Azrael’s Tear: the best adventure game you’ve never heard of

By Matthew Stibbe Matthew Stibbe
Screenshot from Azreal's Tear

In 1996, my old company Intelligent Games released a game called Azrael’s Tear. There was much to love about the game: the story, the visuals, the richly-imagined world, wonderful music and voice characterisation. Although the game died in the market, people are still playing and enjoying the game today.

Azrael's Tear cover image

(But, alas, I have no interest in a remake or reboot. The legal and technical challenges are very great and I have absolutely no desire to get back into the games business. Please don’t ask me.)

Fan mail

Well, I wrote about it on my own website as part of a games history article I wrote. As a result, I still get occasional emails from people who played and enjoyed the game, like this one.

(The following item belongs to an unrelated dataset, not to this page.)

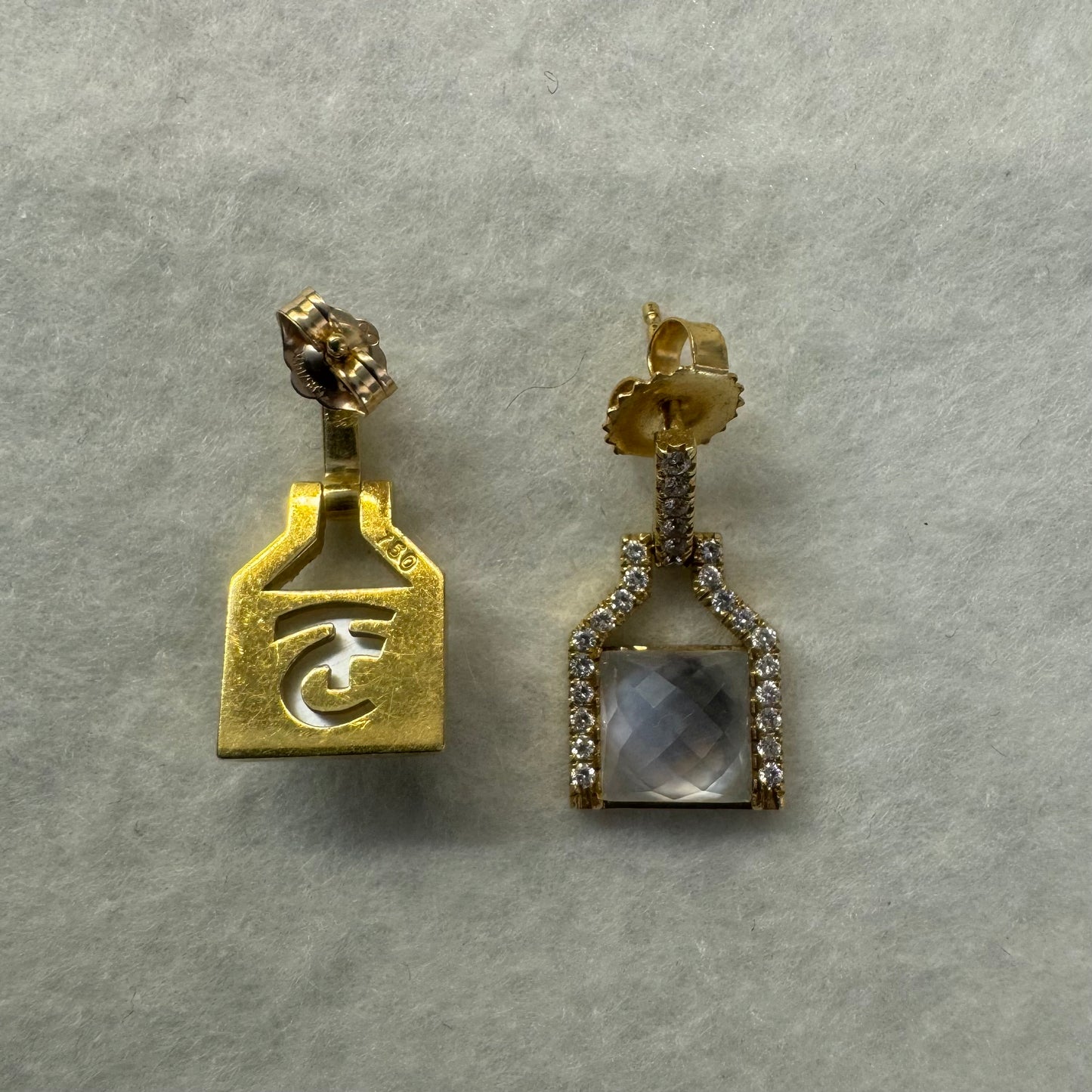 18K gold earrings featuring a cushion-cut translucent Gemstone, framed with sparkling Diamonds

Hello, Matthew, I don’t know if you remember my emailing you earlier in the year, but I was gushing about Azrael’s Tear and you told me to email you when I completed it. Things got hectic over the summer, but I finally got a chance to sit down and play it once again and I have just beat the game. After reading the utopian ending I had to sit back and take in everything I have been through in this game. It is a shame that this game disappeared under the sands of time because this is without a doubt, one of the greatest games I have ever played.

Gameplay video

 

 

Reviews and downloads

There are some nice reviews on the internet and some decent walkthroughs as well as some untested, not-endorsed sources for downloading the game itself and some tips about playing the game with DOSBox.

Bob Thornbrook wrote a well-researched article about the game’s development, based in interviews with lots of the team who worked on it. Unfortunately, the host site seems to have gone offline since it was first published in 2017 but there’s a copy of the article on the Internet Archive.

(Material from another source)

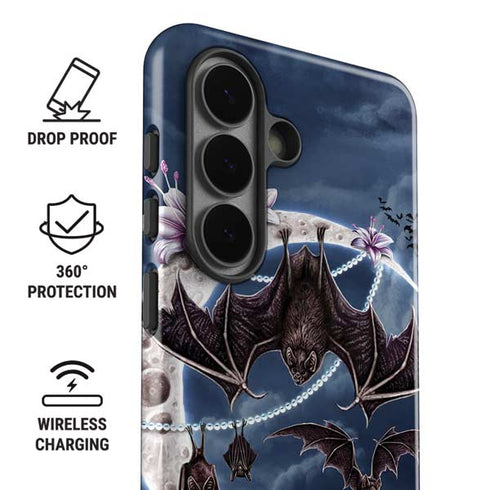 Gothic Moon with Bats and Flowers by Sarah Richter Galaxy S26 Impact Case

There’s also a very detailed, in-depth interview with me about the game in the Abandoned Times August 2015 edition.

Game design documents

Anyhow, I discovered the original game design proposal in my archives (otherwise known as the heap of papers under the bed) and I have scanned them to share with any fans and the people who worked on the game. All hail Ken Heywood and Richard Guy!

Download the original game proposal (2MB PDF file). This was the short pitch document that we sent to publishers to try to persuade them to commission the game, which was called Raptor during development. (You’ll need to rotate the page in PDF viewer or print it out as it’s in landscape format.)

Download the original game design documents: part 1 part 2 and part 3 (4-8MB PDF files). This is the original detailed design. At this point in the game’s development, we were planning a mix of Myst-like pre-rendered 2D graphics and live video rendered on top of it for character interaction. The game ended up being a fully-3D project instead. We also created a board game version and the rules and map are on page 90+.